- Inclined track
- A ball
- A metronome / Clock
- Strobe light
- Make an inclined plane of about 50 cm length with 2 – 3 cm height at the raised end. Alternately, one can use a double inclined track apparatus and make the inclined plane by joining its two arms at the base strip so that these form a single plane. Give it a low inclination by raising one end of the base strip by about two cm with the help of a wooden block, or a book, etc.
- Make 4 groups of 3-4 students each.
- Take a metronome. Let it produce sound signals at intervals of ½ seconds. In the absence of a metronome, let a person tap on the table at a steady pace which synchronises with extreme positions of the pendulum of a clock.
- Keep the ball at the higher end of one of the inclined planes.
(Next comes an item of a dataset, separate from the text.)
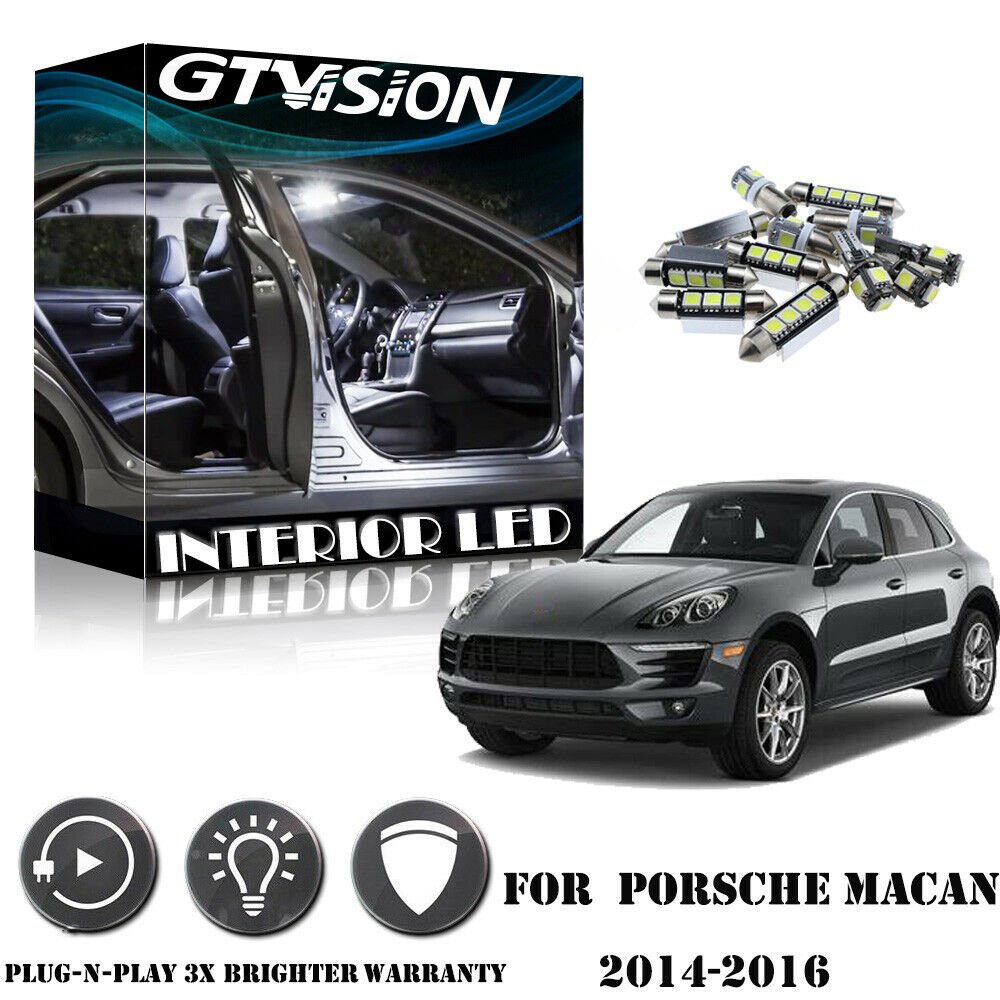 18x Super Bright White LED Lights Interior Package Kit For Porsche Macan 14-16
- Release it at any signal (which may be called 0th signal) and observe its position at 1st, 2nd, 3rd and 4th signals after the release. Let the students in group I observe the 1st position of the ball, group II the 2nd position of the ball, and so on.
- Now you have obtained as many observations for each position of the ball as the number of students in each group.
- Record the observations.
- Find the mean value of distance covered by the ball in each case.
The distances covered by the ball in successive intervals of ½ second go on increasing by equal amounts when the ball roll down the incline.
The ball moving on an inclined track covers successively longer distances in equal intervals of time. This shows that the speed of the ball increases as it moved down an inclined track.